Can I change my LLC’s registered agent online?
Yes. The Division of Corporations and Commercial Code accepts agent-change filings through the Business Registration System. The filer logs in with a UtahID, selects “File On An Existing Business,” locates the LLC, chooses the change filing type, and enters the new agent’s information. The processing fee is $17, and the change takes effect immediately upon filing. The same system also accepts uploaded paper forms for filers who prefer to complete a PDF offline.
Does a Professional LLC (PLLC) have different registered agent requirements?
No. A domestic professional limited liability company follows exactly the same registered-agent rules as a standard domestic LLC. The professional designation affects who may own and manage the entity—only licensed professionals in the relevant field—but the agent eligibility, address requirements, appointment procedure, and change process are identical. The PLLC files its Certificate of Organization under § 48-3a-201 with additional professional-services information required by § 48-3a-1103, and the filing fee is the same $59.
Can the same individual or service act as registered agent for multiple Utah LLCs?
Yes. Neither the Utah Revised Uniform Limited Liability Company Act nor the Model Registered Agents Act limits the number of entities a single agent may represent. An individual serving as a noncommercial agent may be named on multiple LLC filings. A commercial registered agent, by definition, is in the business of serving multiple entities and files a single Commercial Registered Agent Listing Statement with the Division for $52. When a commercial agent updates its address, the change automatically applies to every entity it represents—no entity-by-entity filing is needed.
What happens if my LLC’s registered agent moves out of Utah?

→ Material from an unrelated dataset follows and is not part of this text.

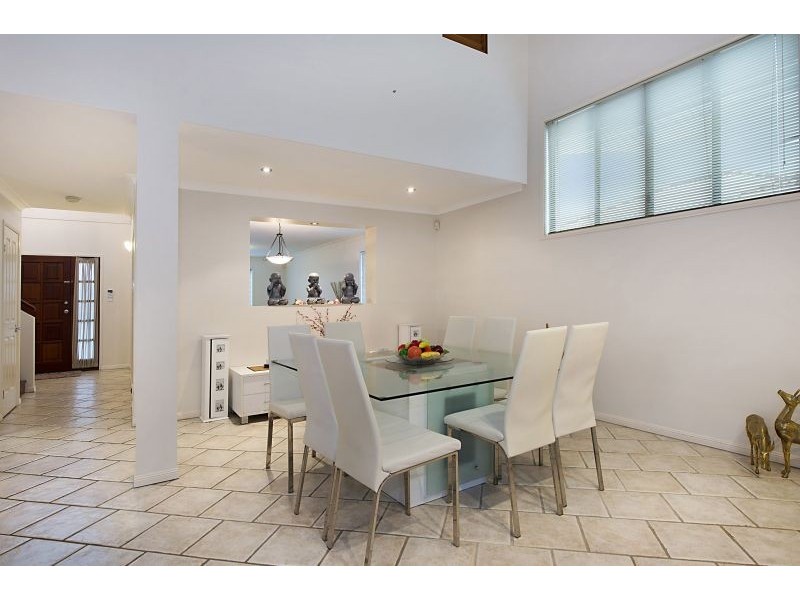 24 Chilton Crescent, North Lakes QLD 4509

The agent ceases to satisfy the address requirement of § 16-17-202 the moment it no longer maintains a physical street address or rural route box in Utah. The LLC must promptly appoint a new qualified agent by filing a statement of change with the Division. The processing fee is $17, and the change takes effect upon filing. If the LLC fails to act within 60 consecutive days, the Division may begin administrative dissolution proceedings for a domestic LLC under § 48-3a-708 or termination proceedings for a foreign LLC under § 48-3a-910. During any gap in agent coverage, the LLC also becomes vulnerable to fallback service of process on its governors by certified mail.